2017-08-07T18:14:14.803 INFO:teuthology.orchestra.run.pluto002:Running: 'adjust-ulimits ceph-coverage /home/ubuntu/cephtest/archive/coverage ceph --cluster ceph health'
2017-08-07T18:14:15.015 INFO:teuthology.misc.health.pluto002.stdout:HEALTH_WARN 54 pgs degraded; 4 pgs stale; 12 pgs stuck unclean; 54 pgs undersized; pool rbd pg_num 204 > pgp_num 154; 1/6 in osds are down; mon.a has mon_osd_down_out_interval set to 0
2017-08-07T18:14:15.016 DEBUG:teuthology.misc:Ceph health: HEALTH_WARN 54 pgs degraded; 4 pgs stale; 12 pgs stuck unclean; 54 pgs undersized; pool rbd pg_num 204 > pgp_num 154; 1/6 in osds are down; mon.a has mon_osd_down_out_interval set to 0
This appears to be a test configuration issue. It is continuing to thrash the cluster configuration (OSDs up/down, pg num, etc) but then times out because the cluster has not gone clean 15 minutes after other work has ceased.

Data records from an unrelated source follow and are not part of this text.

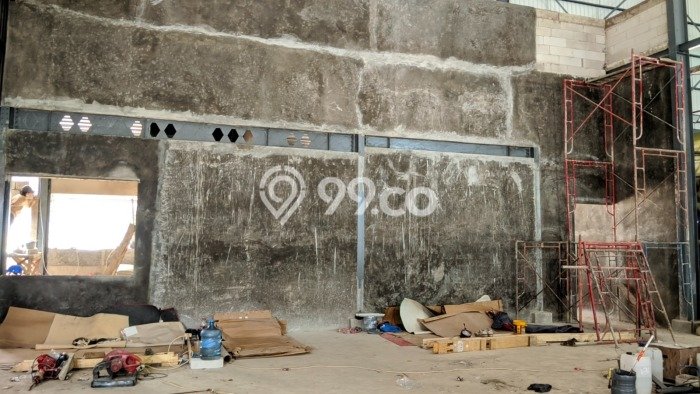 Dijual Komersial di Cilandak Jakarta Selatan LT 3927m2 / LB 2200m2 Dijual Komersial di Cilandak Jakarta Selatan LT 3927m2 / LB 2200m2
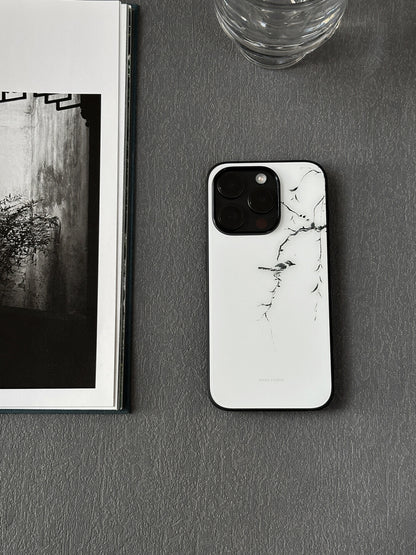 [Chinoiserie] Bird on Branch Printed Phone Case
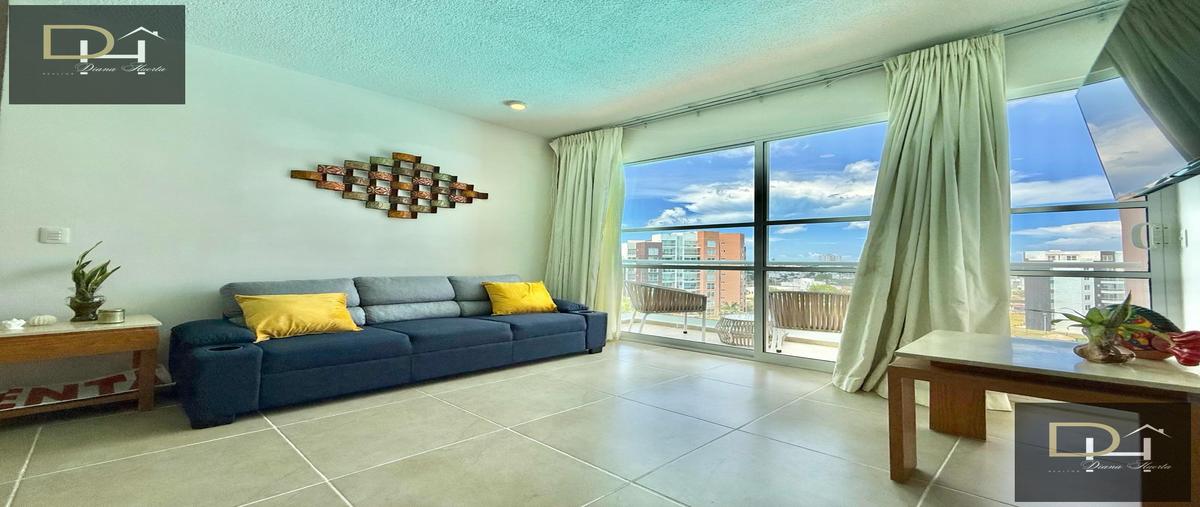Foto de departamento en renta en  , cancún (internacional de cancún), benito juárez, quintana roo, 30131606 No. 04
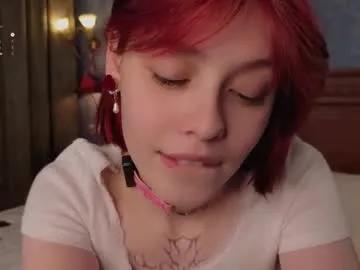 Freechat krissyhei on Chaturbate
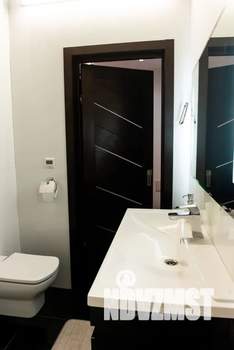 1-к квартира, посуточно, 41м2, 10/15 этаж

If I compare the config.yaml of an upstream run against the downstream, they look very different. On upstream the thrash_osds segment is near the end of the config (which indicates the order the tasks are processed in); on downstream the full_sequential_finally stanza follows it. (Their order is inverted.)
Compare http://qa-proxy.ceph.com/teuthology/jcollin-2017-08-08_02:40:19-rados-wip-jcollin-testing_08-08-2017-distro-basic-smithi/1494927/config.yaml and http://magna002.ceph.redhat.com/vasu-2017-08-07_16:34:45-rados:thrash-jewel---basic-multi/271477/config.yaml
So it looks to me like downstream teuthology has a broken implementation of this task. I'd look into that. :)
Or possibly it's just the config file is broken, I just realized you were pointing at an upstream config so I don't know what the downstream fragment really looks like.
Thanks Greg for your help, The cherry pick applied caused the task to appear after thrash, I will fix that and rerun.